Zulip Chat Archive

Stream: general

Topic: Authors:


Scott Morrison (Mar 18 2021 at 06:46):

I noticed lots of variations in the Authors: line:

  • sometimes Authors: , sometimes Author:
  • sometimes and instead of ,
  • sometimes a trailing .
  • sometimes variable spacing

I could easy normalize all these with a few greps. Waste of time or useful cleanup? First to answer gets to decide.

Damiano Testa (Mar 18 2021 at 07:26):

I like Author: [1]. if it is only one. Otherwise, my preference would be Authors: [1], [2],..., [n-1] and [n].!

Damiano Testa (Mar 18 2021 at 07:27):

(I was quite tense, while answering, wondering if someone else would beat me to set the golden standard for the Authors tab.)

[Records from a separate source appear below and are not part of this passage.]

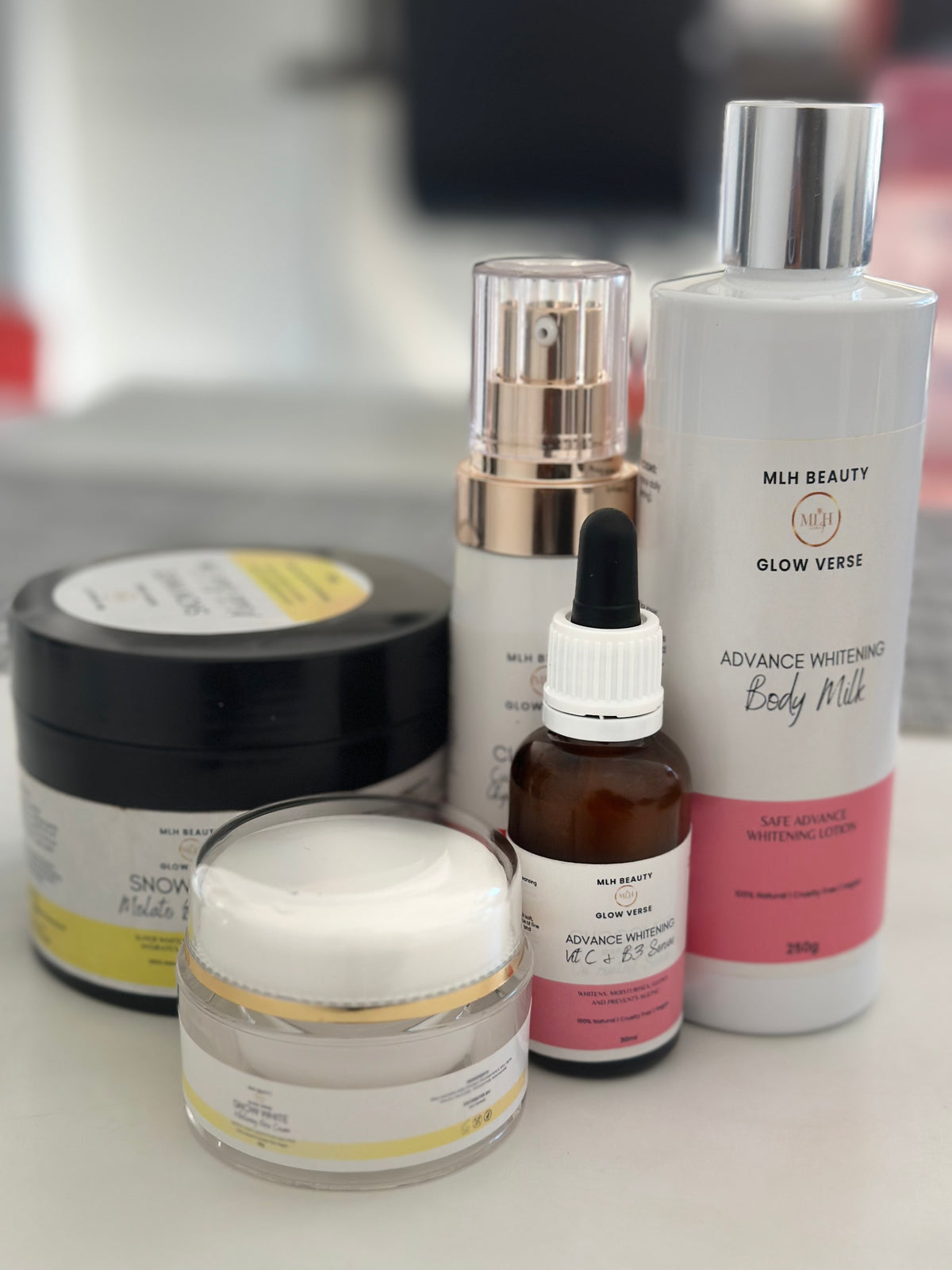 Glow Verse Advance Toning Mini Set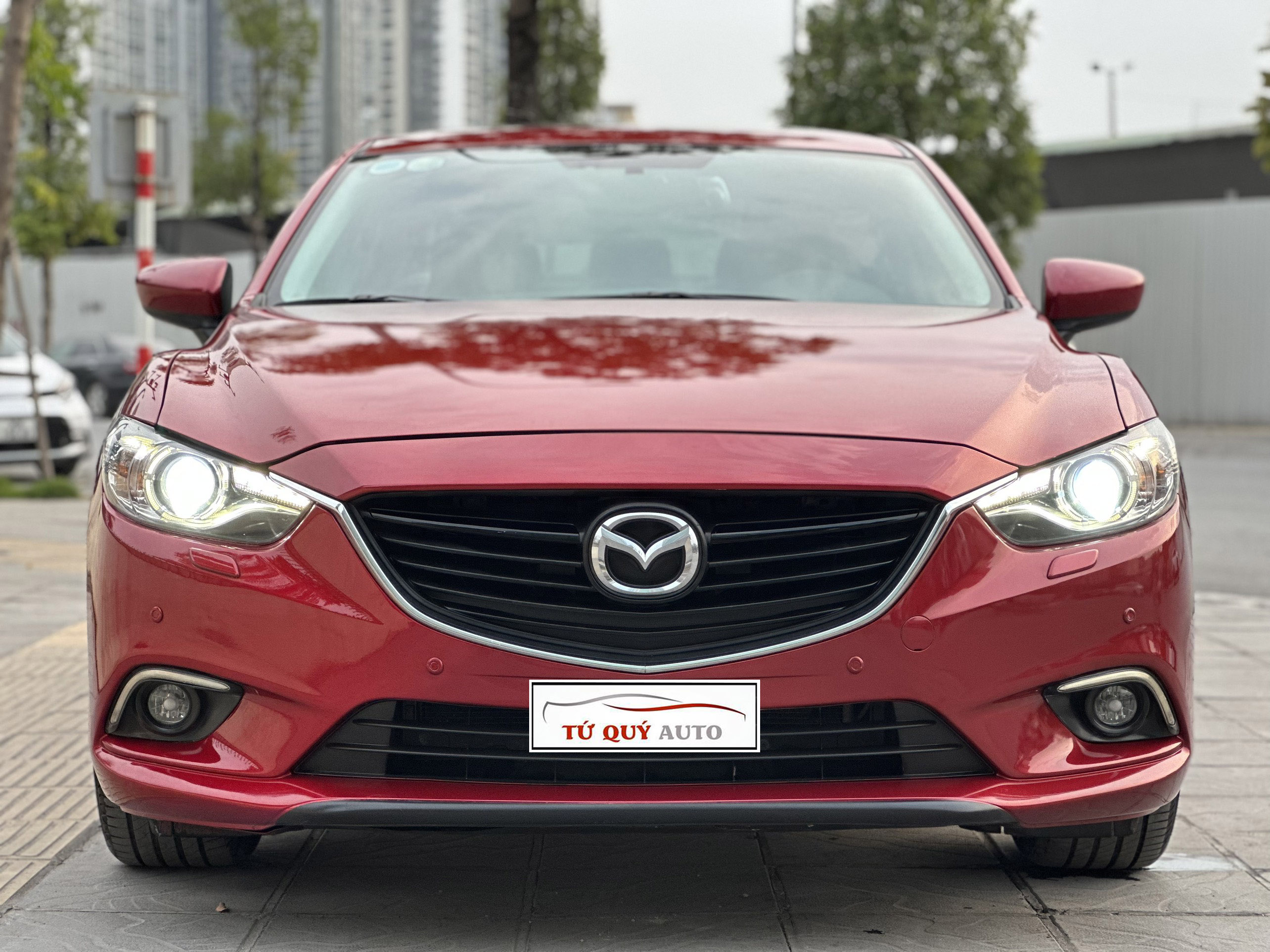 Hình ảnh và thông số kỹ thuật Mazda 6 Facelift 2017 tại Việt Nam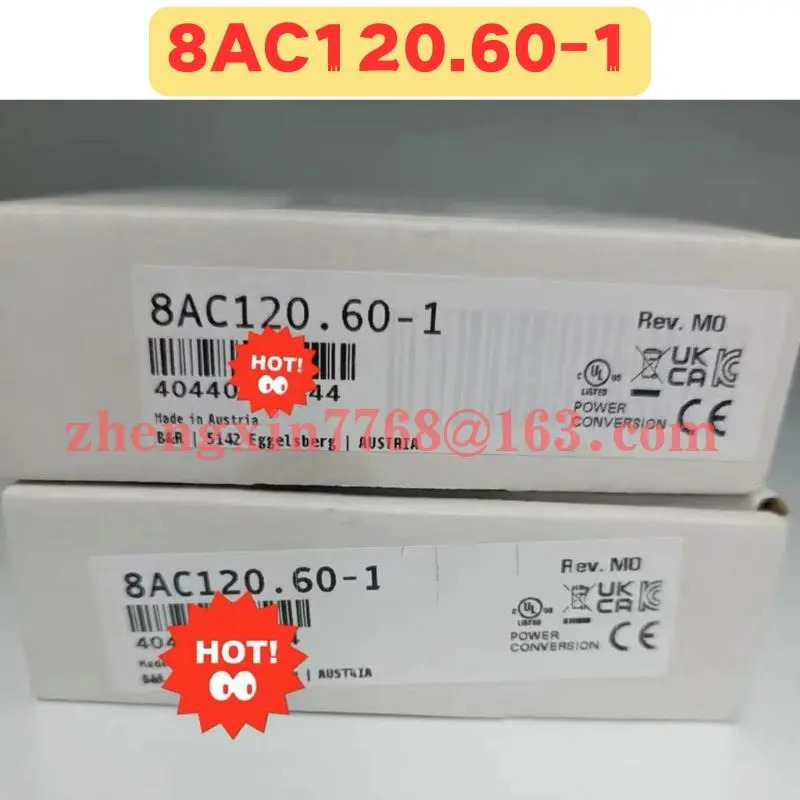 오리지널 통신 카드 8AC120.60-1 8AC120.60 1 신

Johan Commelin (Mar 18 2021 at 07:29):

I think we should standardize and lint against it. The format should preferably be easy to parse by a script.

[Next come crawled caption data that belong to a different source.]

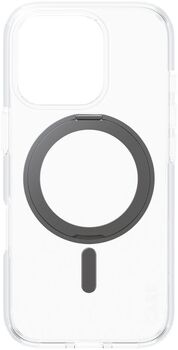 PanzerGlass Care iPhone 16 Pro með standi - Glært / svart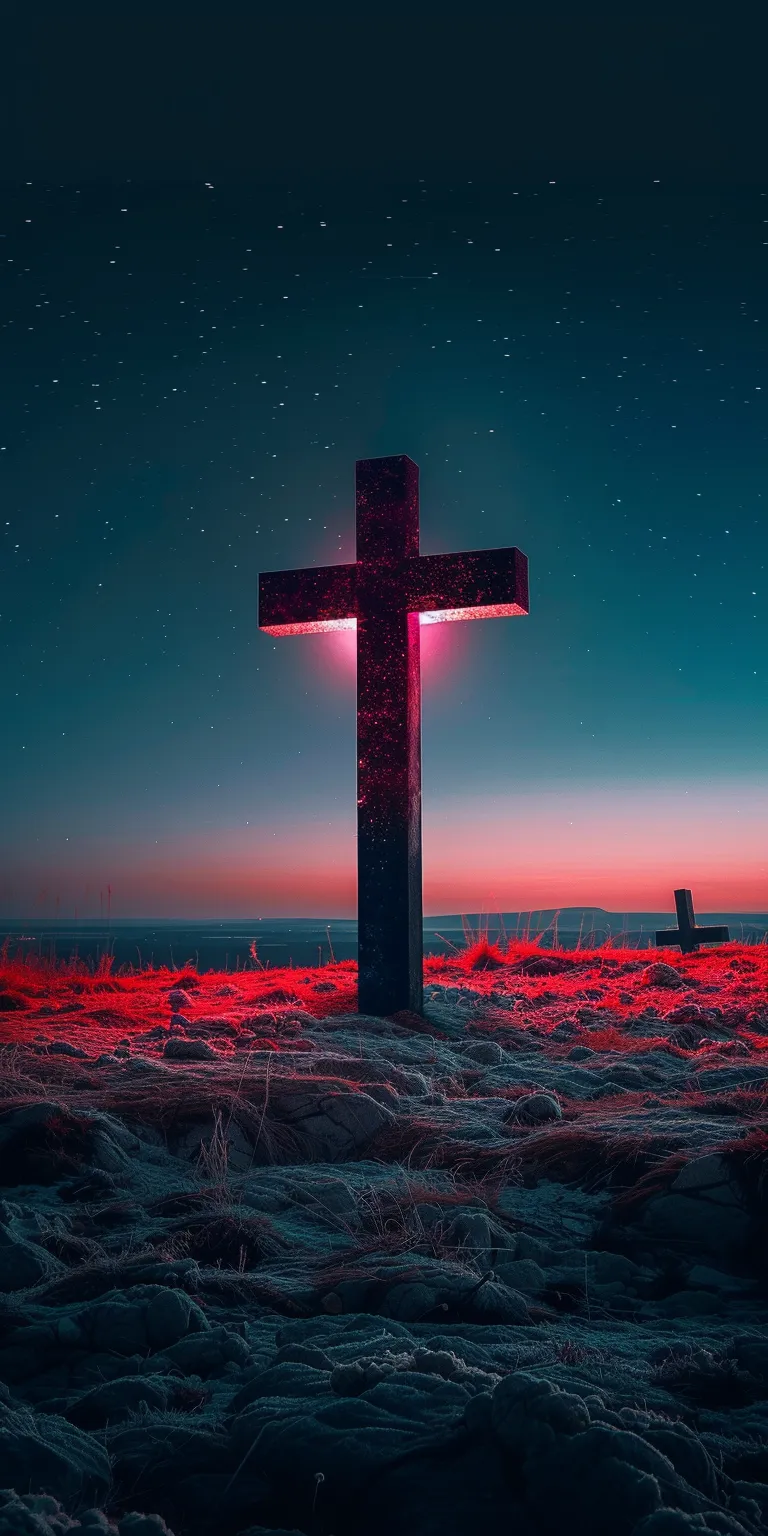 cross wallpaper iphone, style, 4K  1:2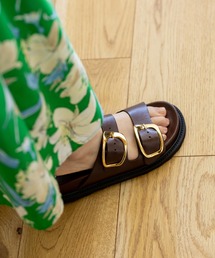 CAMINANDO（カミナンド）の「ダブルバックルサンダル（サンダル）」 - WEAR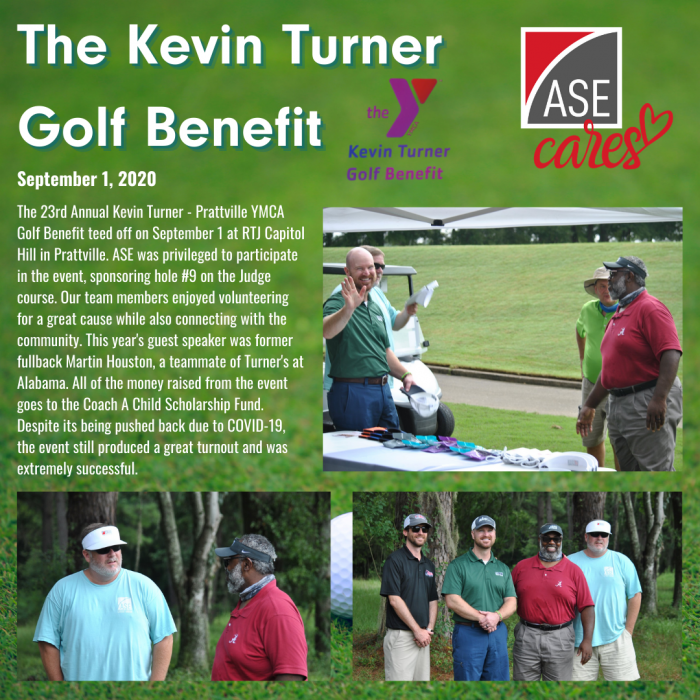 The Kevin Turner Golf Benefit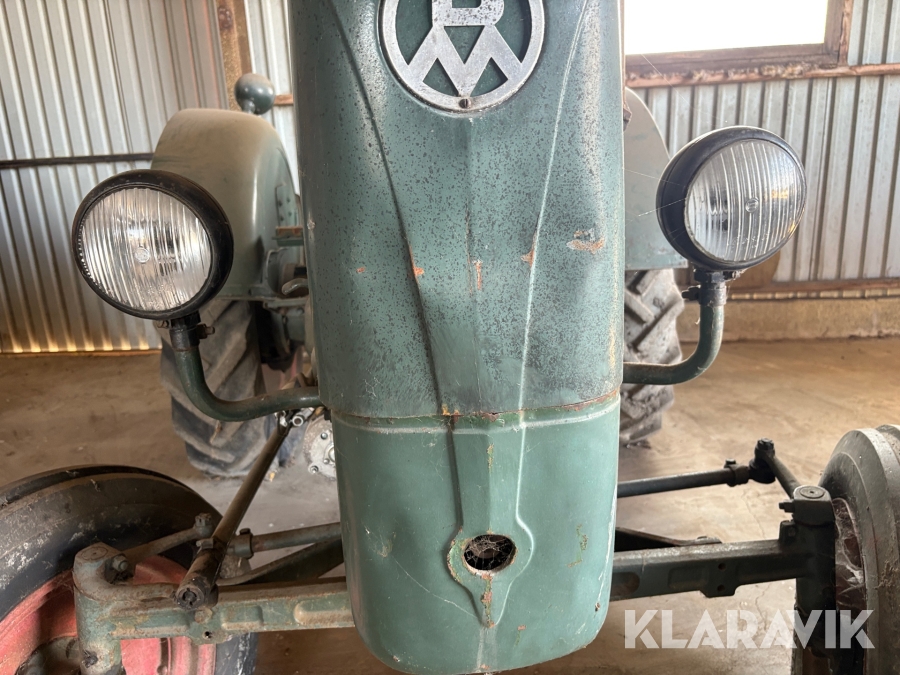 Veterantraktor Bolinder-Munktell BM 10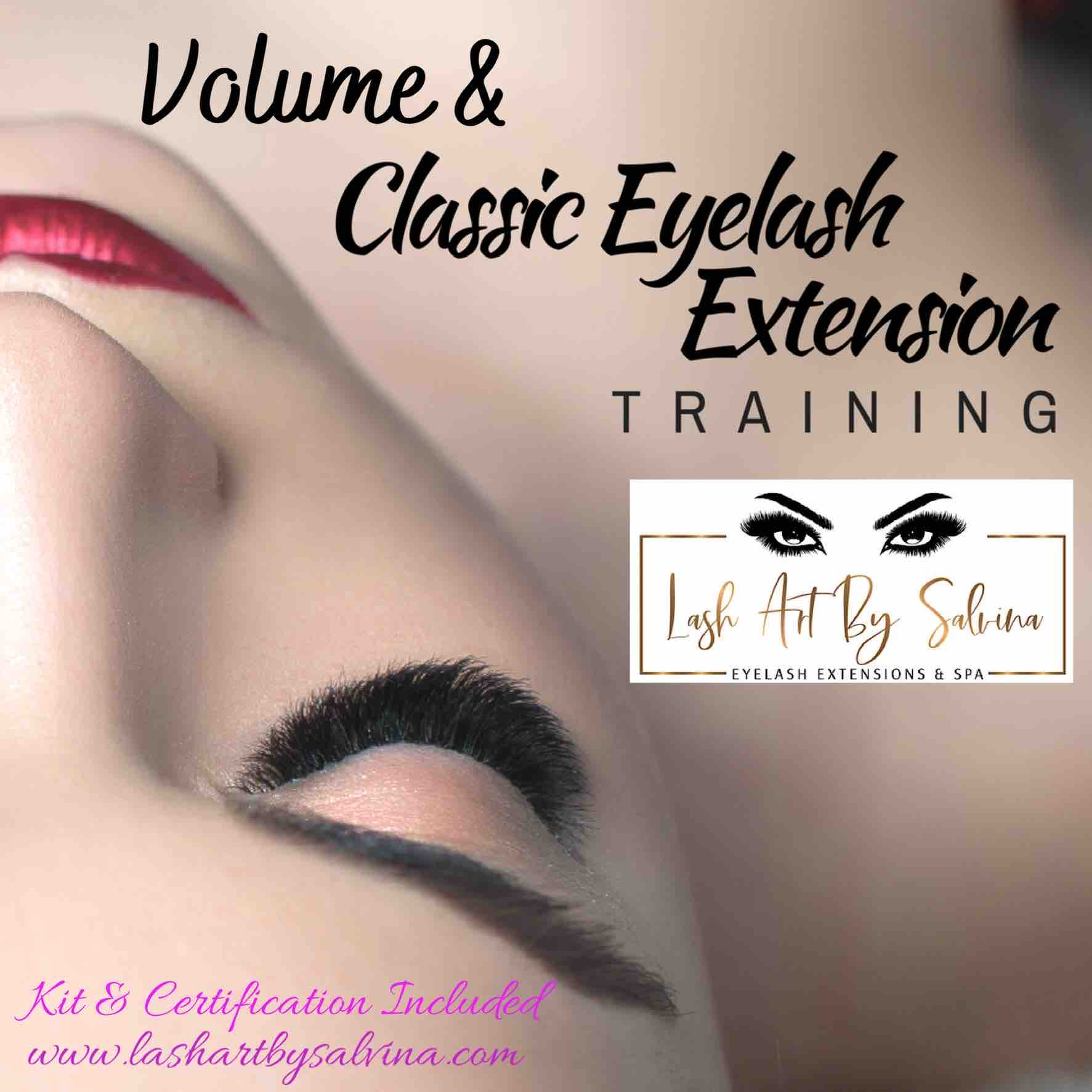 2 Day Eyelash Extensions Training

Johan Commelin (Mar 18 2021 at 07:30):

Damiano's proposal is the best from a natural language point of view, but of course it means that scripts will need to consider some edge cases

Damiano Testa (Mar 18 2021 at 07:31):

I would also be happy removing the and in the multiple authors case. I still feel that the singular/plural distinction is nice, though.

Johan Commelin (Mar 18 2021 at 07:31):

Author(s): :see_no_evil:

Damiano Testa (Mar 18 2021 at 07:31):

still, unless we are envisaging people's names including a comma, that may not be hard to regex, right?

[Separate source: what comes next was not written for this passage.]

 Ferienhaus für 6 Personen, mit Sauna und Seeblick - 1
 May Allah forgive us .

Damiano Testa (Mar 18 2021 at 07:32):

Author(s): :see_no_evil:

You did well covering your ears... :stuck_out_tongue_wink:

Damiano Testa (Mar 18 2021 at 07:34):

An alternative would be to use by [author(s) name(s)].

Scott Morrison (Mar 18 2021 at 07:40):

My preference is:

Authors: Name1, Name2, Name3

That is, always Authors: , only connector , , no trailing punctuation.

Scott Morrison (Mar 18 2021 at 07:40):

Trivial to check with a linter, trivial to scrape from. :-)

Scott Morrison (Mar 18 2021 at 07:41):

Let me argue against allowing an Authors: vs Author: distinction: it might make someone feel disinvited to edit an existing file, because it is labelled as "belonging to" a single person.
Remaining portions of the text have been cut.